Announcement

**perpetually high** · 04 August 2021, 02:33 AM

Originally posted by zboszor View Post

Does it use upstream LLVM yet instead of unstable forks of LLVM? Last time I saw, the shader compiler used branchpoint versions of LLVM patched with AMDs own code and the patch didn't apply to the final version of LLVM of the same branch.

It updated the following package, not sure how much it helps you:

llvm-amdgpu/Ubuntu,now 13.0.0.21295.40300

**sweetsuicide** · 04 August 2021, 03:35 AM

Wonderful sofware, it still doesn't run on most AMD products.
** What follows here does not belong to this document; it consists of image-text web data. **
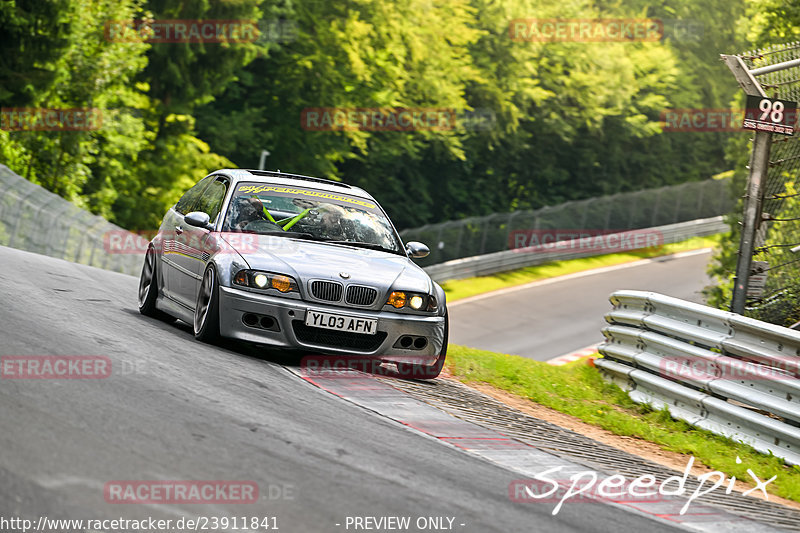 Bild #23911841 - Touristenfahrten Nürburgring Nordschleife (20.08.2023)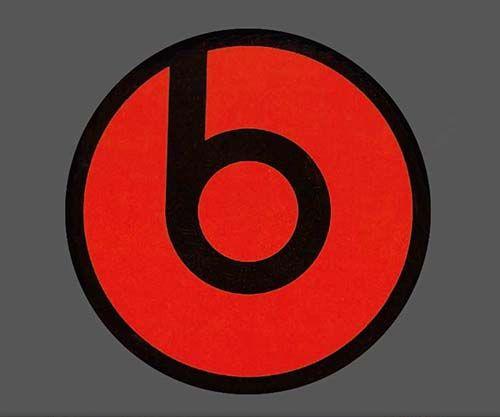 Beats Audio Logo - Beats Audio logo Graffiti Vinyl Graffiti Sticker | Wholesale ...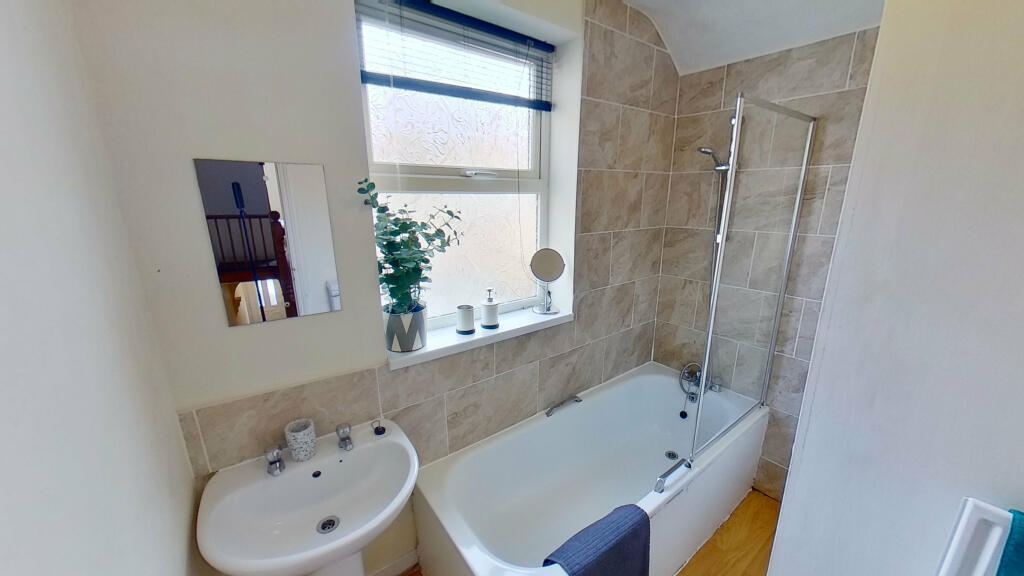 Washroom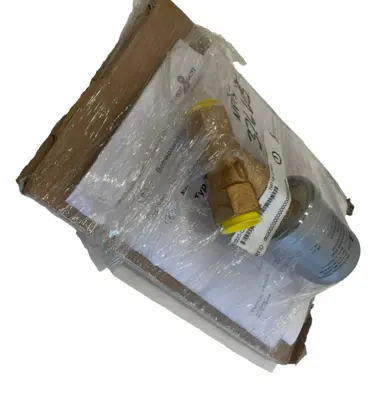 NEW SCHUBERT & SALZER 7000950 VALVE 7010/020V151007
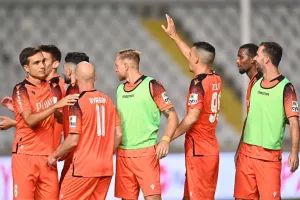 ΑΠΟΕΛ - Καρμιώτισσα: Στραβοπάτημα υπό το βλέμμα Μιλόγεβιτς (φώτος)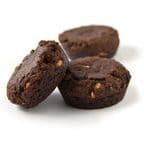 Sweets From The Earth Walnut Brownie (70 g)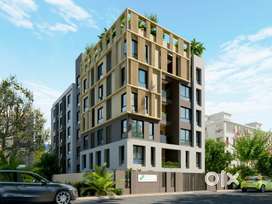 2BHK Flats in Sembakkam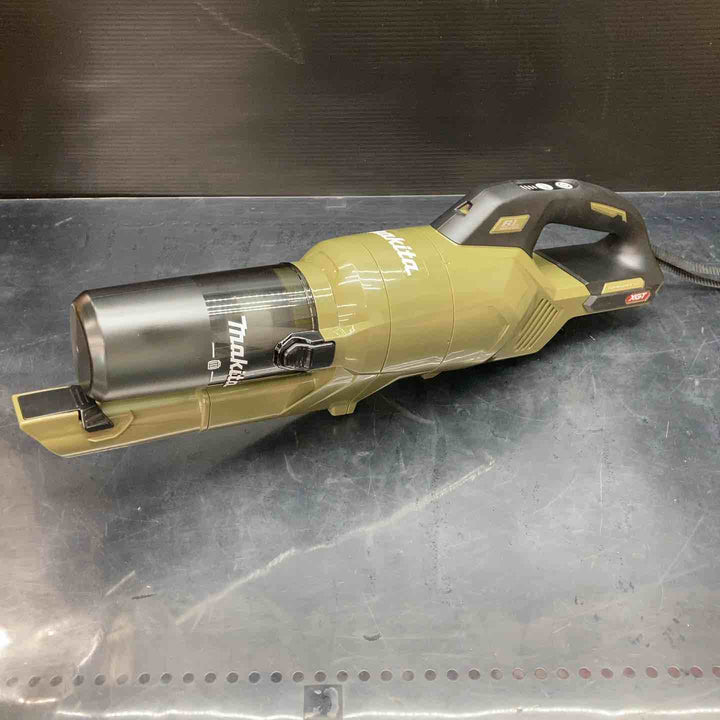 ★マキタ(makita) コードレスクリーナー CL003GRDO【川越店】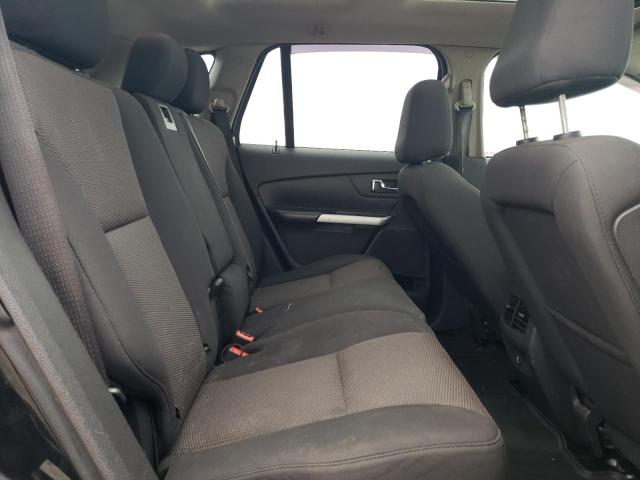 Photo 9 VIN: 2FMDK4JC4BBA95977 - FORD EDGE 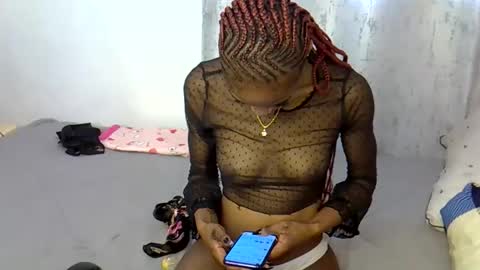 mamimars online show from 19, 10, 2025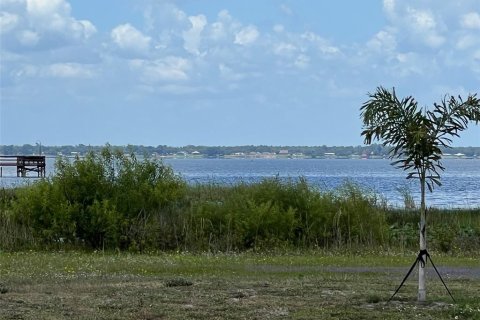 Terrain à vendre à Indian lake estates, Floride № 2212641 - photo 6
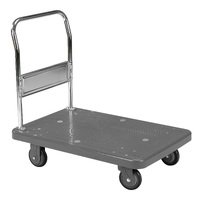 Easyroll 300kg  Platform Trolley 1PC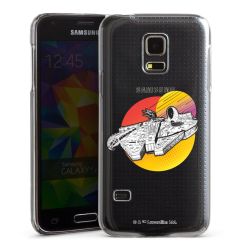 Suojakuori läpinäkyvä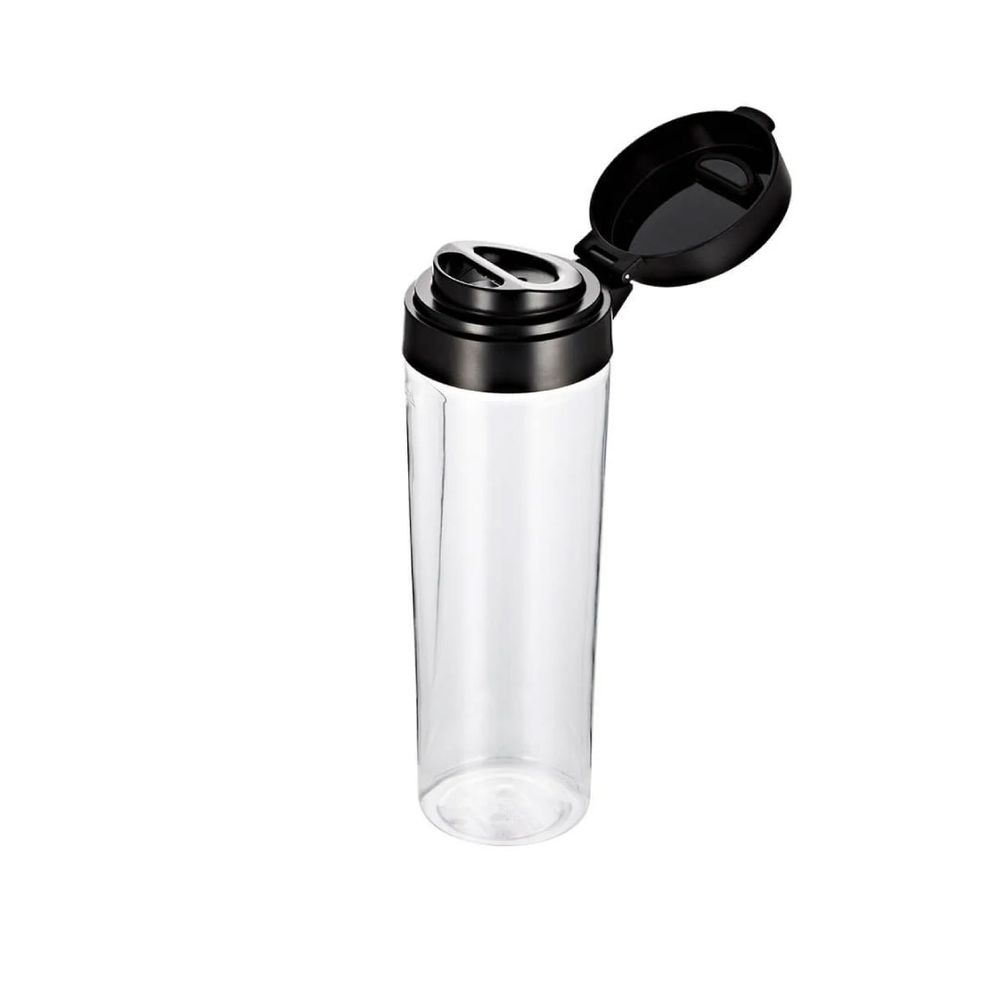 Hurom Mini Blender sa dvije posude, Crveni slika 8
I still have to figure out the reason why, OpenCL seems to be much less adopted than CUDA, but I can't see why noone cares about having an alternative to it that at least runs

**Lemonzest** · 04 August 2021, 05:24 AM

Originally posted by perpetually high View Post

If anyone runs into the following problem when running apt update:

Code:

Err:11 http://repo.radeon.com/rocm/apt/debian xenial InRelease
The following signatures were invalid: EXPKEYSIG 9386B48A1A693C5C James Adrian Edwards (ROCm Release Manager) <[email protected]>
Error: GDBus.Errorrg.freedesktop.systemd1.UnitMasked: Unit packagekit.service is masked.
Reading package lists... Done
W: GPG error: http://repo.radeon.com/rocm/apt/debian xenial InRelease: The following signatures were invalid: EXPKEYSIG 9386B48A1A693C5C James Adrian Edwards (ROCm Release Manager) <[email protected]>
E: The repository 'http://repo.radeon.com/rocm/apt/debian xenial InRelease' is not signed.
N: Updating from such a repository can't be done securely, and is therefore disabled by default.
N: See apt-secure(8) manpage for repository creation and user configuration details.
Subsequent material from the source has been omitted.